Und heute ist mir also etwas, das zu meinen größten Kindheitsfreuden gehörte, äußerst suspekt: der Anblick eines Trachtenpärchens. Wie konnte ich zulassen, dass sich diese Vorurteile in mir festsetzen? Nur weil das Brauchtum nicht zu meiner Welt gehört, darf ich es nicht als rückschrittlich und „eingnaht“ abtun. Das lässt mich selbst als nicht gerade weltoffen dastehen. Ich kann doch Leuten, die Freude an unseren Traditionen haben, nicht einfach eine intolerante Gesinnung unterstellen nur weil eine Partei mit Volkstümlichkeit und selektiver Pseudo-Nächstenliebe auf Stimmenfang geht. Und nur weil diese Partei die Unterstützung eines Alpin-Elvis hat, der mit manchen Wortmeldungen seinen eigenen eingeschränkten Horizont preisgibt.

Bald ist wieder Wahl – in Wien und auch in Oberösterreich. Es werden die Trachten wieder ausgepackt und die Musikkapellen werden spielen.

Kulturen kennen Brücken
Liebe Fans der österreichischen Volks- und volkstümlichen Kultur: Lasst nicht zu, dass gewisse Politiker etwas vereinnahmen, das ihr liebt, und ihm den Stempel von Intoleranz und Engstirnigkeit aufdrücken.

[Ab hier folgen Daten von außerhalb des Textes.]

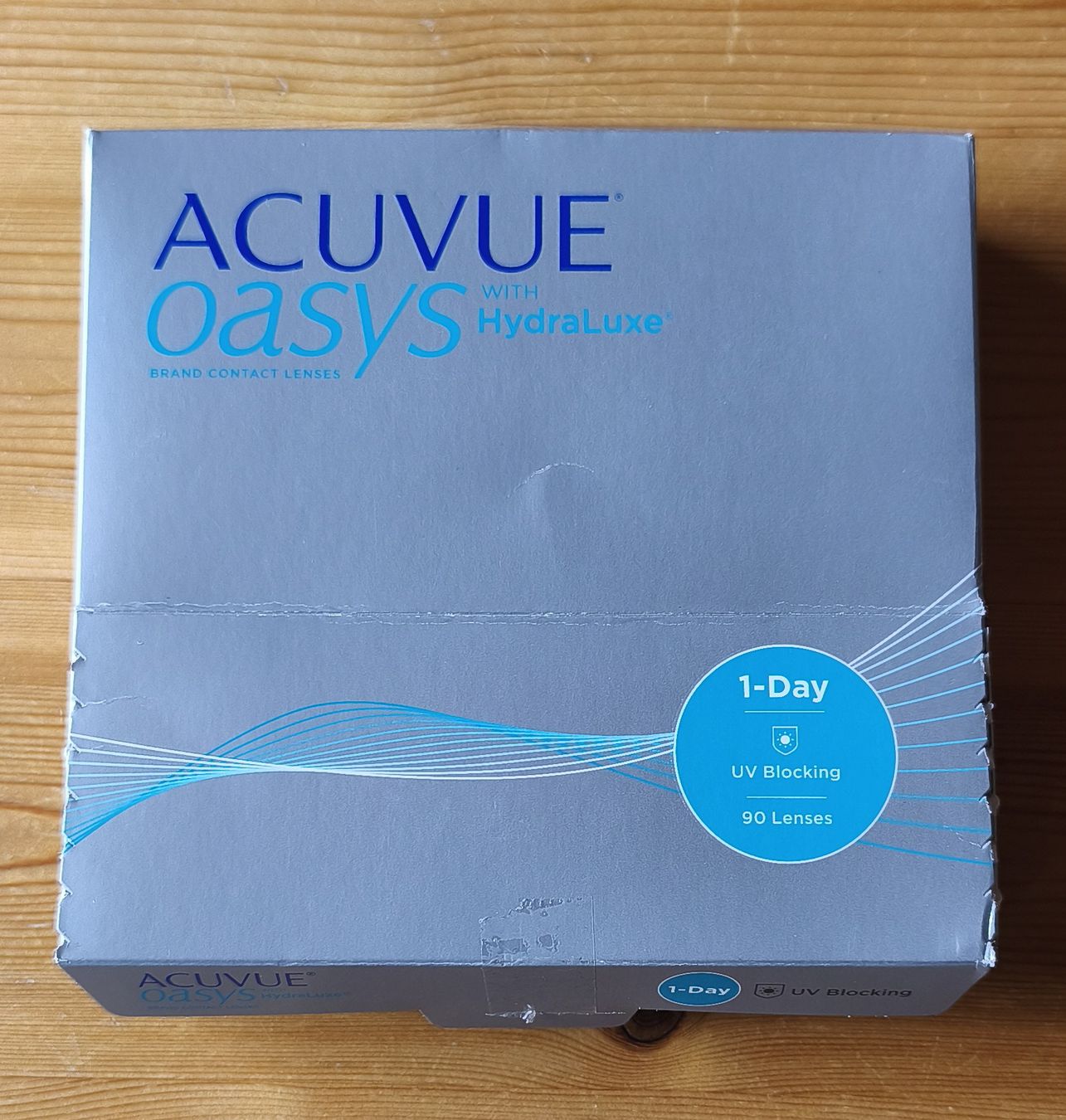Acuvue Lenti a contatto: Acuvue Oasys – Nuovo e nell'imballaggio originale da Faulensee venduto da Marcophilipp850 2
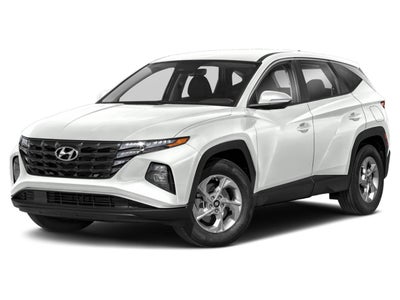2024 Hyundai TUCSON SE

Ein großartiges Beispiel ist das Fest der Volkskulturen in Salzburg: Dort sind alle Menschen mit ihrer jeweiligen Heimatkultur willkommen und alle gehen offen auf einander zu. (Lest hier über das Fest der Volkskulturen nach.)

Und oft wünsch ich mir von den Stars der Volksmusik ein Statement wie von Hubert von Goisern, der sich gegen die Vereinnahmung der Rechten gewehrt hat. Denn ein Schweigen dazu klingt wie ein: Je suis Gabalier!